The Ponzo Illusion with Auditory Substitution of Vision in Sighted and Early-Blind Subjects

We tested the effects of using a prosthesis for substitution of vision with audition (PSVA) on sensitivity to the Ponzo illusion. The effects of visual experience on the susceptibility to this illusion were also assessed. In one experiment, both early-blind and blindfolded sighted volunteers used the PSVA to explore several variants of the Ponzo illusion as well as control stimuli. No effects of the illusion were observed.
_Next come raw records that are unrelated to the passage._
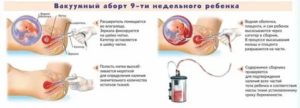 Могут ли начаться месячные при замершей беременности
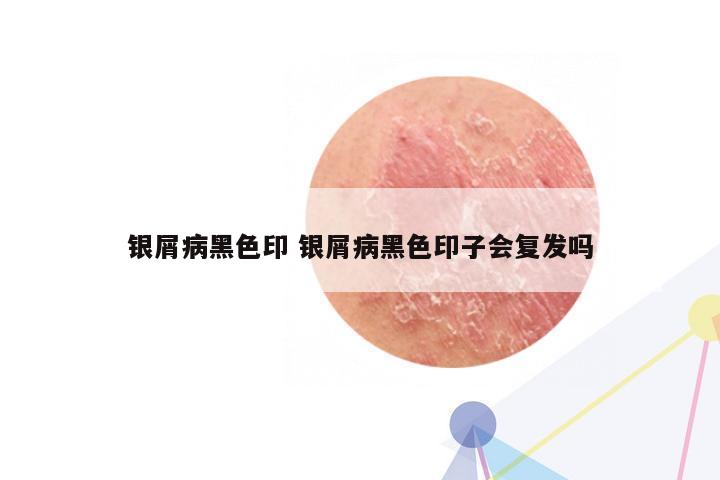 银屑病黑色印 银屑病黑色印子会复发吗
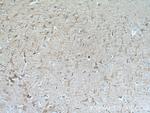 TMEM161A Antibody in Immunohistochemistry (Paraffin) (IHC (P))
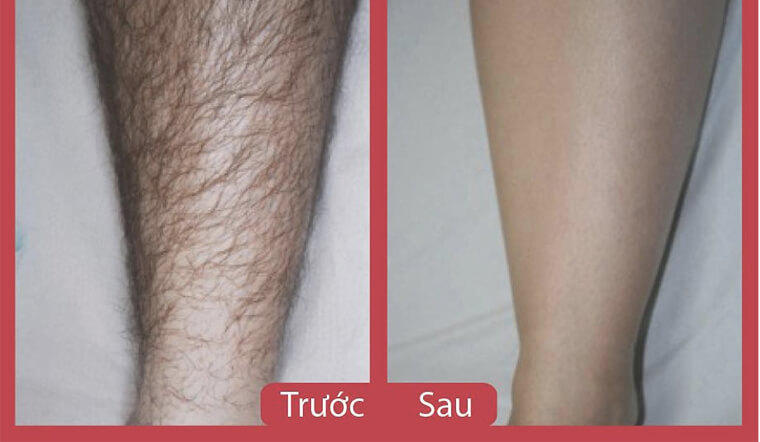 Hiệu quả của phương pháp triệt lông vĩnh viễn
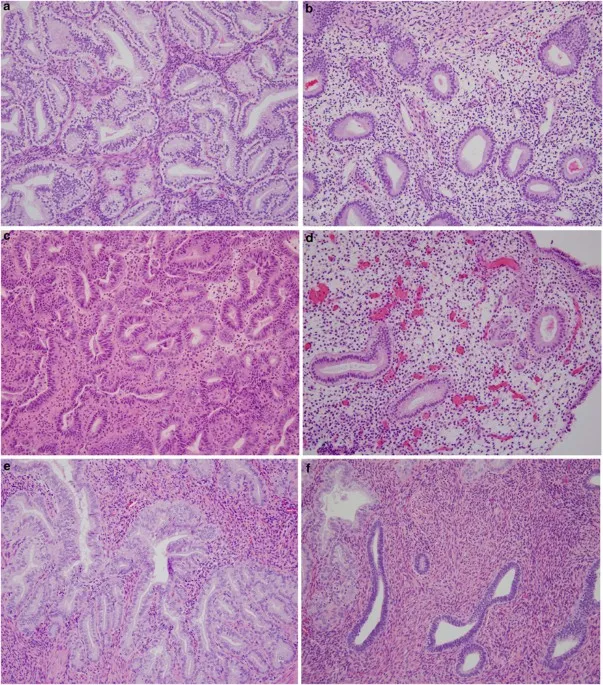 Endometrial Hyperplasia Histology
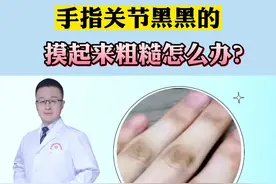 手指关节黑黑的，看起来很粗糙，试试这个方法#医学科普  #皮肤视频封面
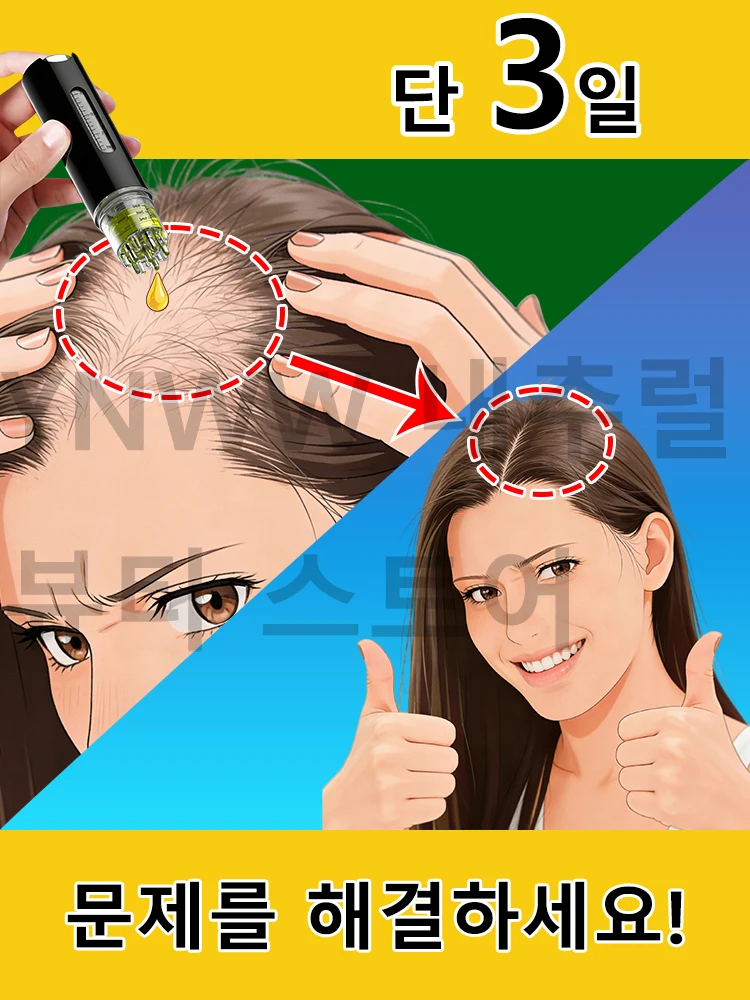 2026년형 새로운 헤드 어플리케이터, 두피 어플리케이터, 헤어 성장 세럼, 두피..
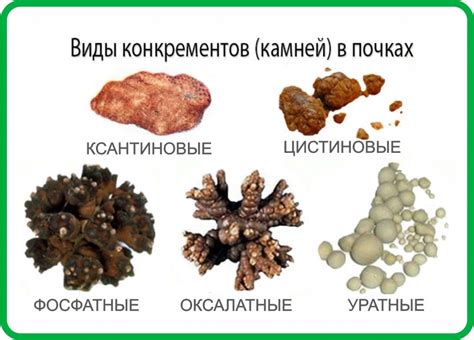 Как выглядит моча с песком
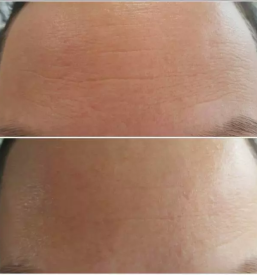 Kriolipoliza maribor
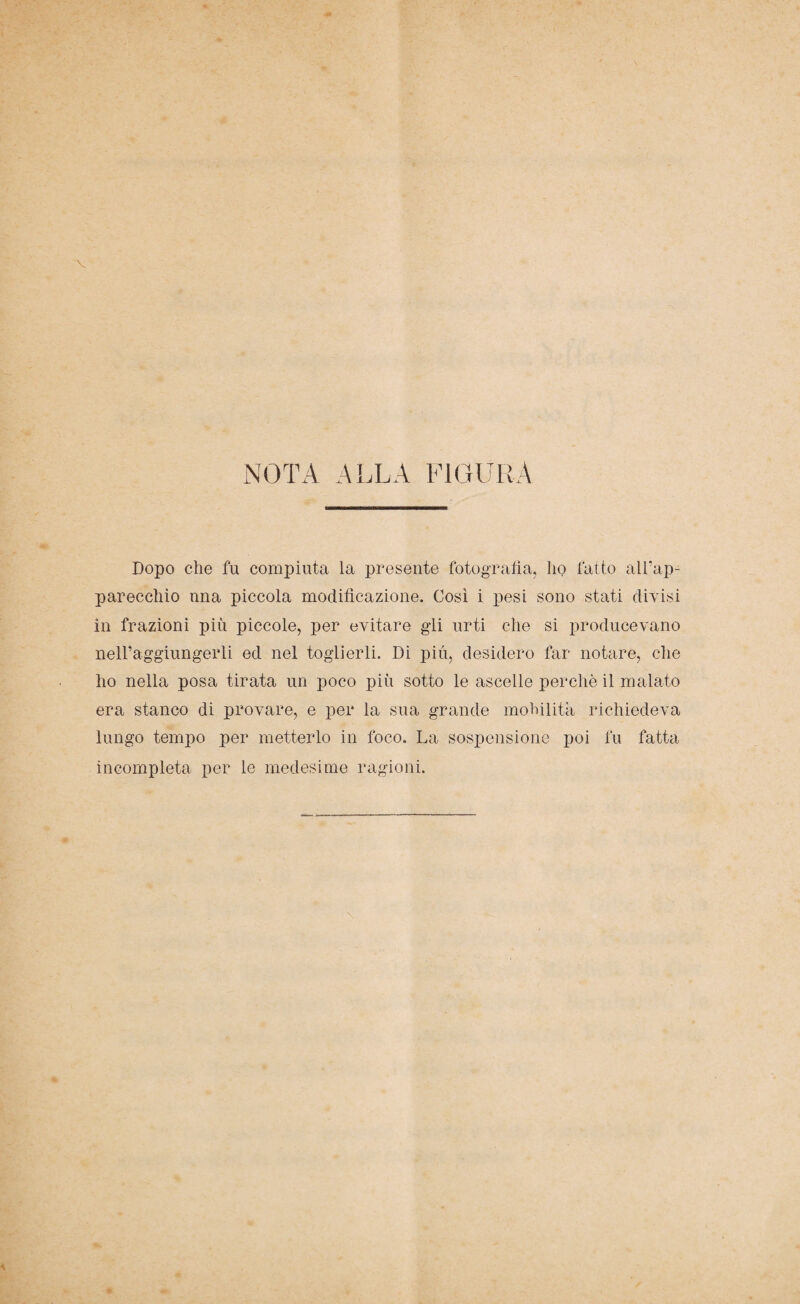 NOTA ALLA FIGURA Dopo che fu compiuta la presente fotografia, ho fatto all’ap¬ parecchio una piccola modificazione. Così i pesi sono stati divisi in frazioni più piccole, per evitare gli urti che si producevano neH’aggiungerli ed nel toglierli. Di più, desidero far notare, che ho nella posa tirata un poco più sotto le ascelle perchè il malato era stanco di provare, e per la sua grande mobilita richiedeva lungo tempo per metterlo in foco. La sospensione poi fu fatta incompleta per le medesime ragioni.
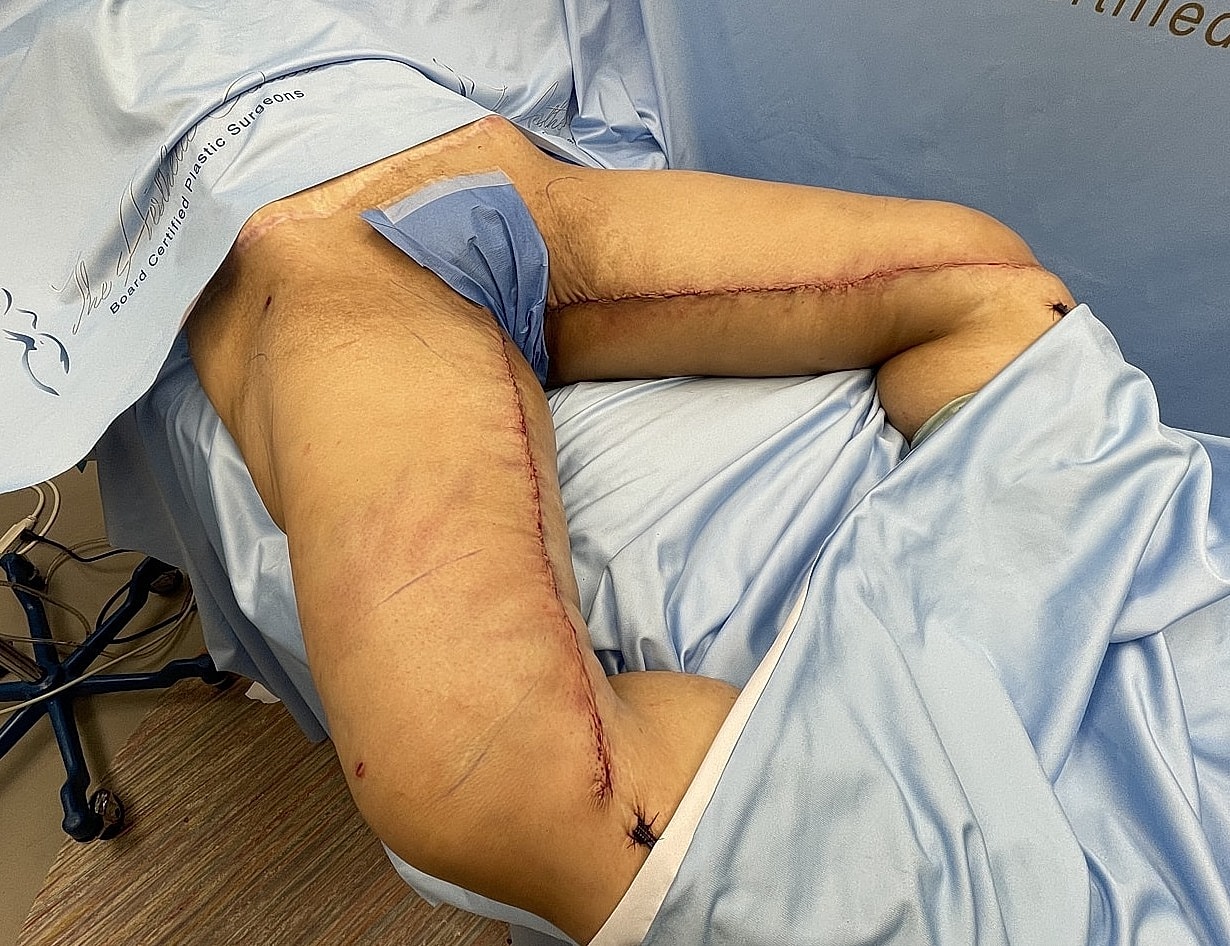 Post-surgical recovery with visible incisions on leg.
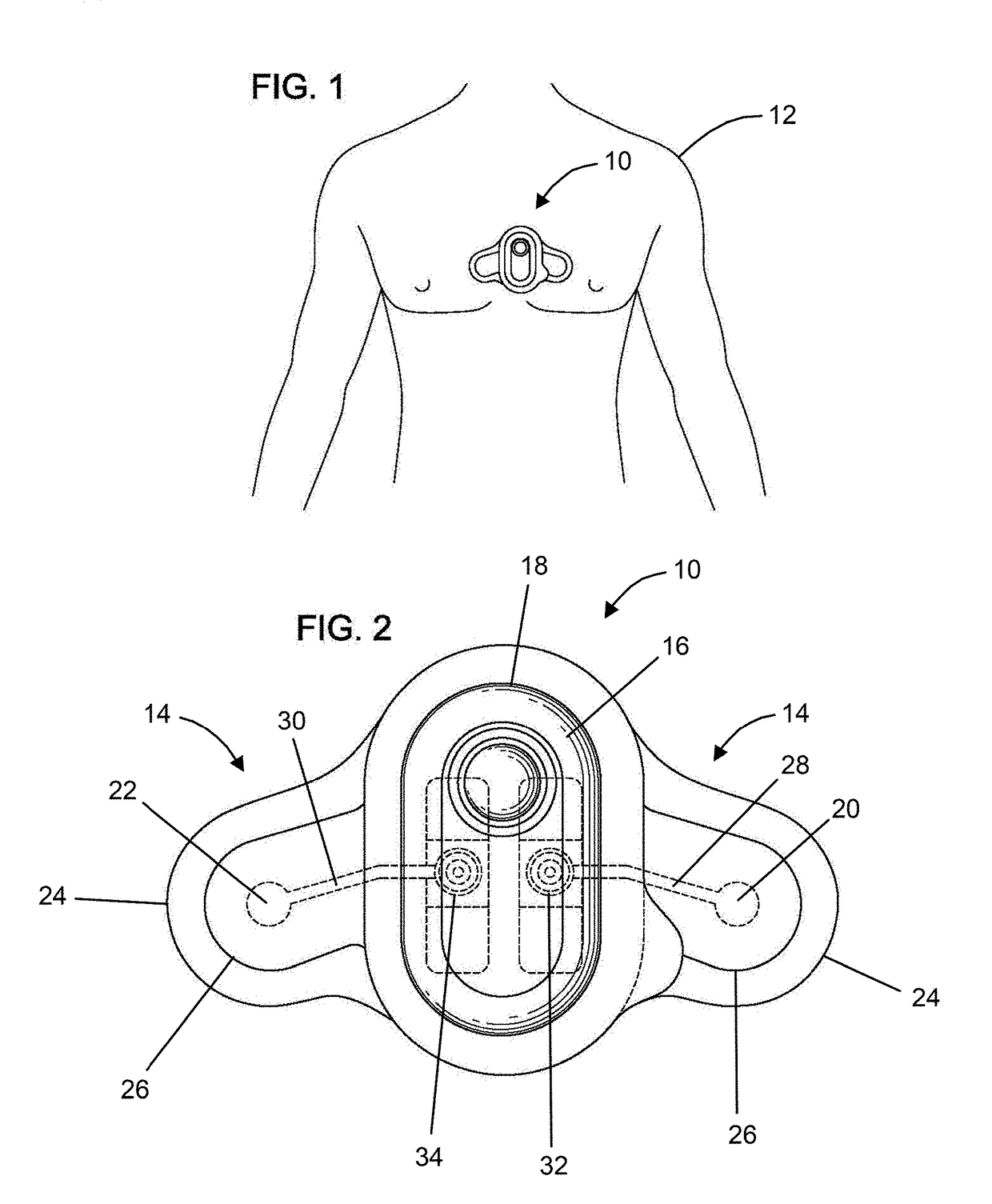 Ambulatory monitor with conductive adhesive and related methods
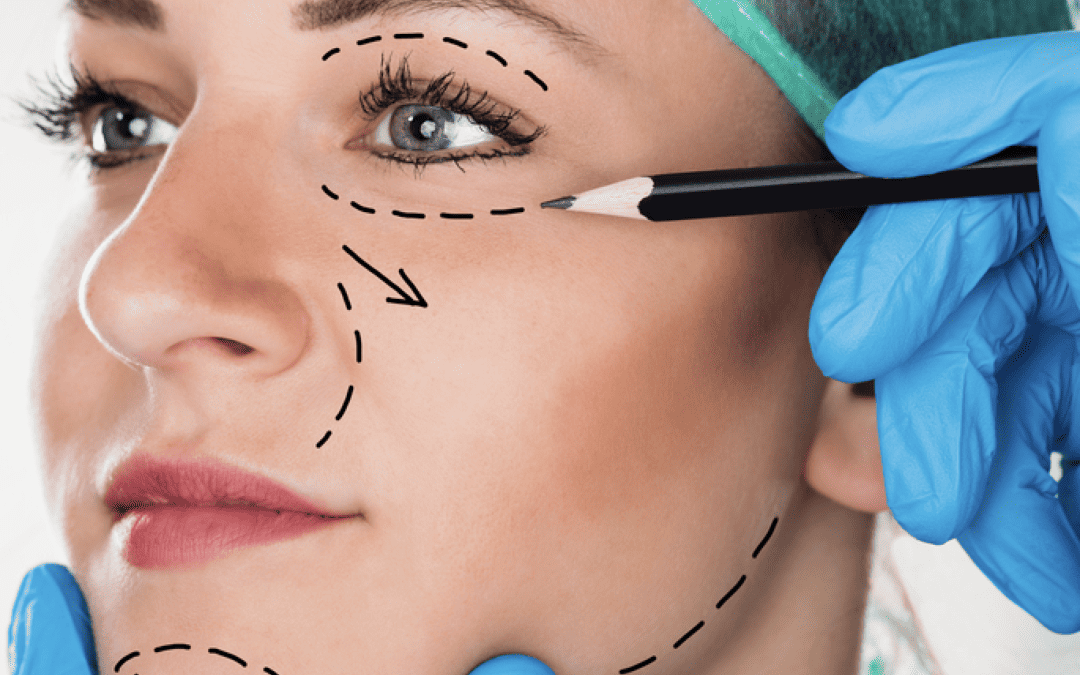 5 Surprising Benefits of Getting a Facelift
The results indicate that subjects focused their attention on the two central horizontal bars of the stimuli, without processing the contextual cues that convey perspective in the Ponzo figure. In a second experiment, we required subjects to use the PSVA to consider the two converging oblique lines of the stimuli before comparing the length of the two horizontal bars. Here we were able to observe susceptibility to the Ponzo illusion in the sighted group, but to a lesser extent than in a sighted non-PSVA control group. No clear effect of the ilusion was obtained in early-blind subjects. These results suggest that, at least in sighted subjects, perception obtained with the PSVA shares perceptual processes with vision. Visual experience appears mandatory for a Ponzo illusion to occur with the PSVA.